Hyper Velocity (or similar phrasing)- Stingers, Yellow Jackets, etc. 
There are other types as well, but this should answer your question.


----------



## flw (Mar 9, 2011)

Overkill0084 said:


> Most bulk ammo that your going run across at your typical retailer is high velocity. To clarify, there is:
> Standard Velocity- typically target ammo.
> High Velocity -Most of what your seeing on the shelf at the average Wal-Mart. Mini-Mags, Golden Bullets, etc.
> Hyper Velocity (or similar phrasing)- Stingers, Yellow Jackets, etc.
> There are other types as well, but this should answer your question.


What is the difference in cost and performance between teh high velocity and hypervelocity rounds?

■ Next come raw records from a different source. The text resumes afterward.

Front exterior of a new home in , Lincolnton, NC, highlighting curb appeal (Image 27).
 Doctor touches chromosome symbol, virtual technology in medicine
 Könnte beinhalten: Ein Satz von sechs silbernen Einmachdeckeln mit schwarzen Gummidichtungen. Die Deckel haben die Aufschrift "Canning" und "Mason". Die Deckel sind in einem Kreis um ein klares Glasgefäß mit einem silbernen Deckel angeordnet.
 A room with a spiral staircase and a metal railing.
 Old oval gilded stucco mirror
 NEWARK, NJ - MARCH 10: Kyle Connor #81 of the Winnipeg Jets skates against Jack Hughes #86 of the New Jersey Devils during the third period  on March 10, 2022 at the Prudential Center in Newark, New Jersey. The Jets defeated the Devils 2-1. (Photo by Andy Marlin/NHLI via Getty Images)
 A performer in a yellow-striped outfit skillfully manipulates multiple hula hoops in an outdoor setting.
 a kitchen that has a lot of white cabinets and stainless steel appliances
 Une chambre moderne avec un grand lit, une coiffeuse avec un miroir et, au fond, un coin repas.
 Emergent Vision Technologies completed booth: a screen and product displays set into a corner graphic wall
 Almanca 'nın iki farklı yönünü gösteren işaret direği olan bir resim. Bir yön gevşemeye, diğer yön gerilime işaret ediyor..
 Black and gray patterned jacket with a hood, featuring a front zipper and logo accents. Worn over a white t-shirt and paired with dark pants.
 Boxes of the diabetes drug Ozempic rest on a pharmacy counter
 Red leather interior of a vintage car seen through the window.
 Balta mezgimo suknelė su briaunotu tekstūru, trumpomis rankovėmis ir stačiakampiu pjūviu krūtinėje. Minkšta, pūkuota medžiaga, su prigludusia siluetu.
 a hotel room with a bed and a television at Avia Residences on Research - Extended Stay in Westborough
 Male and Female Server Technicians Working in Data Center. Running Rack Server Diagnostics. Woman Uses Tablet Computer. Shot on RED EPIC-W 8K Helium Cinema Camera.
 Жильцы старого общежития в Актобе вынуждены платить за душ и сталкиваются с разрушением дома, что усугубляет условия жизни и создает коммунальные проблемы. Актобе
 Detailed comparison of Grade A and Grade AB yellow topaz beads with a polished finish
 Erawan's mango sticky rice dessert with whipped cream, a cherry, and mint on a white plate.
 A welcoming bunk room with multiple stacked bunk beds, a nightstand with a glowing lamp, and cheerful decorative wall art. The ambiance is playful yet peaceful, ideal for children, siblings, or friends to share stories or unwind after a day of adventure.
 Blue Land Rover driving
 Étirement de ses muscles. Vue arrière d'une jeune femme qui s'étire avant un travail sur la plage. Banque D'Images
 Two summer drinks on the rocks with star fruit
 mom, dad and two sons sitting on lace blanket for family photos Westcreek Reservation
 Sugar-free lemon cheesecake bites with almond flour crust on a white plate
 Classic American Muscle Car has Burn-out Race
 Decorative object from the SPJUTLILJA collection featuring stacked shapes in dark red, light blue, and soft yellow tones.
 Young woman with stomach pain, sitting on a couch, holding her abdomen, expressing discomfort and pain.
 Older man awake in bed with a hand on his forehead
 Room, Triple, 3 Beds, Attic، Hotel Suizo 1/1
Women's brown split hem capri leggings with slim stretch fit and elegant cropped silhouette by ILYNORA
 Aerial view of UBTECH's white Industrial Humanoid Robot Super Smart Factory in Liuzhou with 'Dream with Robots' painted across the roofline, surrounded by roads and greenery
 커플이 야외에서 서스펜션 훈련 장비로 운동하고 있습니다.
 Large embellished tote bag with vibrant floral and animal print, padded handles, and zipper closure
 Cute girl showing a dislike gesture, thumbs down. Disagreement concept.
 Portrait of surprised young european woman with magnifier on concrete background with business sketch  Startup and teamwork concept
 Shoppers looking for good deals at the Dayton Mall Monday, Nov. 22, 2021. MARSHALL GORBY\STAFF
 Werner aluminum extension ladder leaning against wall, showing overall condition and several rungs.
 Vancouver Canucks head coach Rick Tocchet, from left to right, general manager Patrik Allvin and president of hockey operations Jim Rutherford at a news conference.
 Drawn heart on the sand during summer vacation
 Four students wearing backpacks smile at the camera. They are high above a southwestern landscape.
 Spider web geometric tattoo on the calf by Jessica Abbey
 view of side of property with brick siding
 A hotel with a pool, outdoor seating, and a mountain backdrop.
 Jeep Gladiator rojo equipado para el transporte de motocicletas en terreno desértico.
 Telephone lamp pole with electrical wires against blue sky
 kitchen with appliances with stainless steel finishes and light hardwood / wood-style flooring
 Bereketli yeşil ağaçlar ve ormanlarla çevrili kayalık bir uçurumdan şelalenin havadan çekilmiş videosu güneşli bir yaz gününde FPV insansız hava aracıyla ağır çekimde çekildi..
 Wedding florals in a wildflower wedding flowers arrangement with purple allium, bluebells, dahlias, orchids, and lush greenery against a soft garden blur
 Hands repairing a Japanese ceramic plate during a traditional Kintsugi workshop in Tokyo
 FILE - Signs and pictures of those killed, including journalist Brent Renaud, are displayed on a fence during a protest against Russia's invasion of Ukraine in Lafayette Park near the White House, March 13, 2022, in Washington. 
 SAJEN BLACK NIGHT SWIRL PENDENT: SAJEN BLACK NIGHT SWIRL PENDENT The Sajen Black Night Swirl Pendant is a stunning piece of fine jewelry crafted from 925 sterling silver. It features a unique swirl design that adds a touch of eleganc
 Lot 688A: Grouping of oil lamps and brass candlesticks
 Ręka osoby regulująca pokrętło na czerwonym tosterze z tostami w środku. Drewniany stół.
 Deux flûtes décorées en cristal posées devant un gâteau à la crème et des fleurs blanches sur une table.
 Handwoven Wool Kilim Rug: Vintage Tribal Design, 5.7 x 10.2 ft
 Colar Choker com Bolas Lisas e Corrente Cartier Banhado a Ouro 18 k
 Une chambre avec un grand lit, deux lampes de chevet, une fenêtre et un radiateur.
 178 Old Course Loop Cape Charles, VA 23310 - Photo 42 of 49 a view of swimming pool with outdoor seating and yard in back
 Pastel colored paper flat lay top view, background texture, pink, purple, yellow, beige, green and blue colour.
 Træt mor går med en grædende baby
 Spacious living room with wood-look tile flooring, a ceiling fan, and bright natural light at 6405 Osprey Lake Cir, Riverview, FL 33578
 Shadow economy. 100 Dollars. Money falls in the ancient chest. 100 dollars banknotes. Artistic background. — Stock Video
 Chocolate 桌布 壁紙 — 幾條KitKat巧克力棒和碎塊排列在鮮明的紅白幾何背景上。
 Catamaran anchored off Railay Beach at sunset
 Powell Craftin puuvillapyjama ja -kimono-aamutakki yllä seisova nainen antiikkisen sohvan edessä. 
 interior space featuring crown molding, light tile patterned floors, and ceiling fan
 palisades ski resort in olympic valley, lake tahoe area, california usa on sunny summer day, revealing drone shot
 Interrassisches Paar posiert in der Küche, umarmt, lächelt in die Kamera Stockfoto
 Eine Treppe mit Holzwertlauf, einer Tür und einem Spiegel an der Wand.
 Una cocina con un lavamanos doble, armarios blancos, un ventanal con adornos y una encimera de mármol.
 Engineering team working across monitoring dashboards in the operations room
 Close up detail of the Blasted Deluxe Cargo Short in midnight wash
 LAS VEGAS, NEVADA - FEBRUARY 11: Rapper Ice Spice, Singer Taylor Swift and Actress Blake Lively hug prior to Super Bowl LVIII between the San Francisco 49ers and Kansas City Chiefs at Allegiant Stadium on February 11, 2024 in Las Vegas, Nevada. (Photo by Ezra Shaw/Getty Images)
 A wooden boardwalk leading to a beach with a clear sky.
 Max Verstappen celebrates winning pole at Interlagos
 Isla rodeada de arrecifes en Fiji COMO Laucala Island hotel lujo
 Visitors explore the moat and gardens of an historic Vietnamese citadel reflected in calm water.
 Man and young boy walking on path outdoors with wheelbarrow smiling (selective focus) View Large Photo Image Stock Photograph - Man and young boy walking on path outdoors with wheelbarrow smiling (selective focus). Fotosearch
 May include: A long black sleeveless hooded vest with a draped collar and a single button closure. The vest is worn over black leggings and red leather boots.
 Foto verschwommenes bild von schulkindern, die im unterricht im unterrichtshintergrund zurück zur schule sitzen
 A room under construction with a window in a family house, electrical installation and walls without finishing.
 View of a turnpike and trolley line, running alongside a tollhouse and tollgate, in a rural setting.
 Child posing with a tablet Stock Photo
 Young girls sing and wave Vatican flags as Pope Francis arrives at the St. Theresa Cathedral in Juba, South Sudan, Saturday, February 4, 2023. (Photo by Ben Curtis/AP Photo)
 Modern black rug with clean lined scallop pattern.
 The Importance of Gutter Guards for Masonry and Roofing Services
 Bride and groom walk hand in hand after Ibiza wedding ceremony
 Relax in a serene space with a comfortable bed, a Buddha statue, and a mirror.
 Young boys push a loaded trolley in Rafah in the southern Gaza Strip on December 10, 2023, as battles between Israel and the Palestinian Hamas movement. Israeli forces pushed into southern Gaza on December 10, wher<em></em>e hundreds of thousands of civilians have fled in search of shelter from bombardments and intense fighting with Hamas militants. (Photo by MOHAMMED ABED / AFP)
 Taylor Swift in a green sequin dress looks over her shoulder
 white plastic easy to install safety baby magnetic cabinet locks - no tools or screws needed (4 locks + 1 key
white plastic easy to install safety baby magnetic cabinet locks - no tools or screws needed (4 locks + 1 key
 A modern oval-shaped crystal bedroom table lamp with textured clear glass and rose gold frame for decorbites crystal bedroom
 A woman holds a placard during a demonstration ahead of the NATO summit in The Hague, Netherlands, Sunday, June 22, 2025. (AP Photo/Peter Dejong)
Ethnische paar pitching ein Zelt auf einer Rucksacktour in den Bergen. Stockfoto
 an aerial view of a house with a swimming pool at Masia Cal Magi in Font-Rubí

Also are they available in bulk amounts?

Thank You


----------



## Overkill0084 (Nov 28, 2010)

flw said:


> What is the difference in cost and performance between teh high velocity and hypervelocity rounds?
> 
> Also are they available in bulk amounts?
> 
> Thank You


The Hyper velocity stuff tends to be comparatively pricey. Approx 2x as much. I can't speak to bulk packaging or not. I haven't shot any in years. You could find something you like and order by the case online I suppose. In my experience, it tends to be noticeably less accurate than the normal high velocity. As I understand things, the deal w/ hyper velocity is that they use a lighter bullet to gain the extra performance. For plinking, I fail to see the need for the minimal performance increase. I can't speak from experience, but doubt most people can tell the difference in perfomance most of the time at anything beyond point blank range.
Is there an intended use that you have in mind that requires the use of hyper velocity ammo?
If it helps, My Dad used to keep a couple boxes of Stingers around for his .22 back up gun. IIRC stingers were the best of the lot back in the day. Opinions vary of course.


----------



## flw (Mar 9, 2011)

Since its stated that hypervelocity rounds are less accurate what would be there purpose at 2xs the cost?

Rounds for self defense?

Thanks


----------



## talldrink (Dec 21, 2010)

flw said:


> Since its stated that hypervelocity rounds are less accurate what would be there purpose at 2xs the cost?
> 
> Rounds for self defense?
> 
> Thanks


Used for a _little _bit bigger critter control.


----------



## flw (Mar 9, 2011)

Coyote? something else or inaddition to?


----------



## Overkill0084 (Nov 28, 2010)

flw said:


> Since its stated that hypervelocity rounds are less accurate what would be there purpose at 2xs the cost?
> 
> Rounds for self defense?
> 
> Thanks


If you must use a .22 as a SD gun, Hyper Velocity probably have a theoretical advantage. I would guess that out of a pistol, the performance difference is minimal. For rabbits or squirrels at under 50 yds, there is probably some advantage. When I said they were less accurate, I was talking about 1 1/2" to 2" groups a 50 yds vs. 1/2 to 3/4" with "normal" high velocity (out of decent bolt action rifle.) Not exactly a shotgun pattern, but not spectacular either. 
Just my opinnion, but if "normal" high velocity doesn't have enough performance, then it's time to explore bigger calibers. Hyper velocity is mostly marketing hype. None of it will turn a .22 LR into a .22 Magnum.


----------